Равным образом наряду с высшим друидским знанием существовала популярная антропоморфная религия. По крайней мере, в I в. до н. э. кельты имели многочисленные статуи своих богов — plurima simulacra, по Цезарю. Вне всякого сомнения, они свидетельствуют о средиземноморских влияниях, ни одна европейская неклассическая религия не смогла перенести в план искусства образы своих богов; они, возможно, заимствовали традиционные представления доисторического периода. Впрочем, полагают, что аниконийский культ восходит к традиции мегалитизма, процветавшей в конце доисторического периода на земле, которая была позднее занята кельтами. Обряды перехода в мир мертвых и некоторые детали культа героев связаны с этим древним пластом. Но возможно, и не было необходимости обращаться к столь отдаленному прошлому, переплетая традиции, прошедшие через тысячелетия.
К сожалению, мы не имеем ни одного культового изображения, которое можно было бы без колебаний датировать дороманским периодом. Кроме чеканной маски из музея Тарба и божества из Борей-сюр-Жюин (Эссон), деревянные статуи, такие как статуи из святилища у верховий Сены, несомненно, позволяют нам составить представление о кельтских народных образах. Впрочем, осколки галло-римских представлений, проявляющиеся в бесконечном воспроизведении богов и богинь, «одетых поримски», как писал Беренс, — можно также сказать, «одетых на эллинистический манер», — соответствуют дезинтеграции друидизма, трансформации культа по римскому обычаю: был сооружен алтарь, посвященный Риму и Августу, — религиозный центр лояльности трех Галлий, заменивший прежнее святилище карнутов, где собирались друиды. Политическая цель этой религиозной трансформации достаточно ясна: римляне, обычно опиравшиеся на аристократическое меньшинство, таким образом могли получить расположение народных масс.
В кельтской религии не проявляется связь между культом и культовым зданием, древняя космогония не соотносила жилище божества с определенным местом. Место национального собрания друидов скорее всего не было обозначено каким-либо сооружением. Кельтский натурализм находил образы божеств прежде всего в источниках и иных природных элементах: в результате увеличилось количество культовых центров, расположенных на возвышенностях или у воды. Некоторые из них положили начало поселениям. Так было в случае с Бибрактой и Немаусом, тогда как святилище Меркурия в арвернском регионе не идентифицируется с каким-либо агломератом. Наличие культового места на территории некоторых племен, несомненно, представляло собой козырь в политической игре, позволяющий добиться превосходства. Становление демографических и священных центров подтверждает фундаментальный аспект размещения галльского населения: сельское хозяйство, усилившее и стабилизировавшее раздробленность, которая характеризует villae римской эпохи, с этой точки зрения сыграло роль, аналогичную роли религии. Исчезновение всяких следов святилищ во время римского завоевания отчасти объясняется отсутствием интереса к каменным постройкам. Однако под эгидой римлян галлы возвели некоторое число храмов, которые, за исключением лишь тех, что были посвящены римским богам и построены в городах с римским населением, представляют формы, независимые от классических и средиземноморских типов, и если не создают оригинальных способов выражения, то по крайней мере воплощают определенные черты местного прошлого.

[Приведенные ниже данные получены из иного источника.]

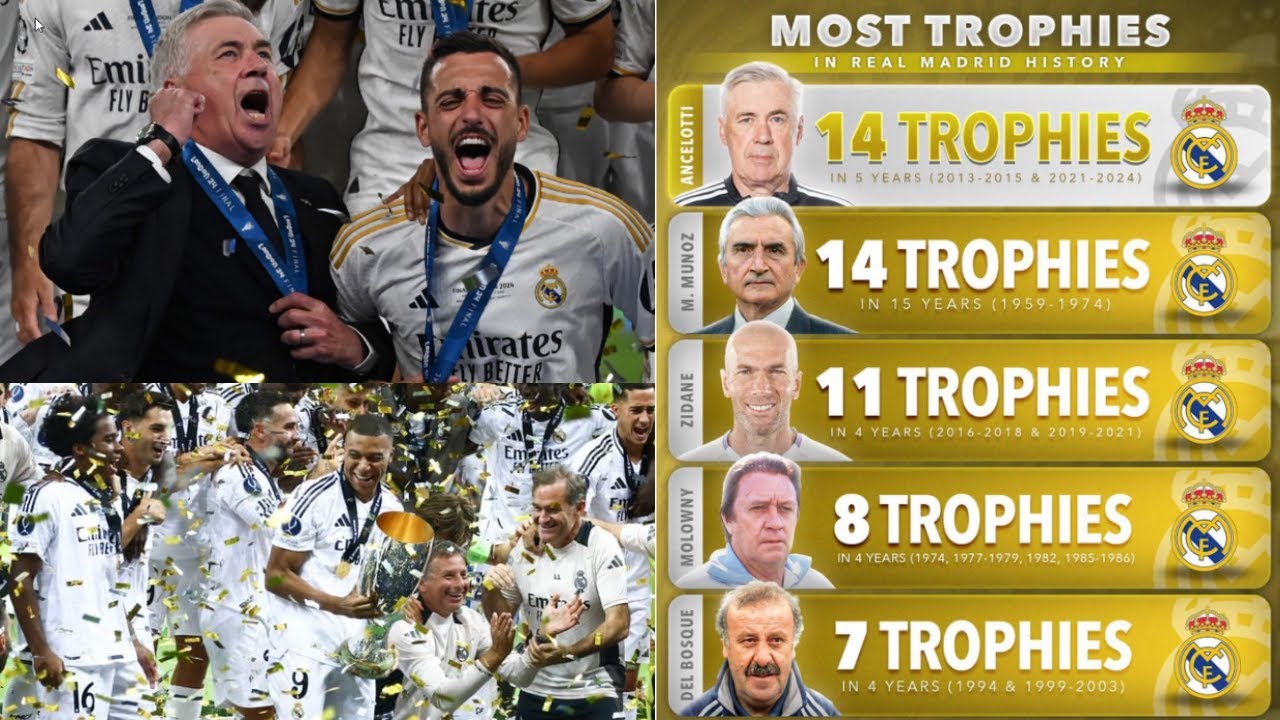 ¿Cuántas veces ha ganado el Real Madrid la Supercopa de Europa y en qué ...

В большей части континентальных кельтских регионов мифологические традиции были в основном стерты романизацией и вскоре заменены традициями классического мира: божественные образы были адаптированы к новому пространству греческих сказаний и легенд. Кельты — впрочем, так же, как любой другой неклассический европейский народ — никогда не имели образной мифологии. «Рассказы в картинках» их никогда не интересовали. Поэтому единственное проявление нарративного искусства европейской протоистории — искусство ситулы — воспроизводило только сцены повседневной жизни или обряды. То же самое позже проиллюстрирует котел из Гундеструпа. Греки, которые в VI в. до н. э. создали кратер из Викс, предназначенный для кельтского вождя, на место нарративного фриза поместили лишь вереницу колесниц, имеющую чисто декоративное значение. Это искусство ситулы, само по себе чуждое собственно кельтской среде, способствовало формированию не только искусства Ла Тен, но и его репертуара, часто намекающего на собрания, праздники, пиршества, игры, восходящие к античному образу жизни, который в равной степени был принят историческими кельтами и изображался как классическими авторами, так и в средневековых ирландских сказаниях, свидетельствующих о преемственности.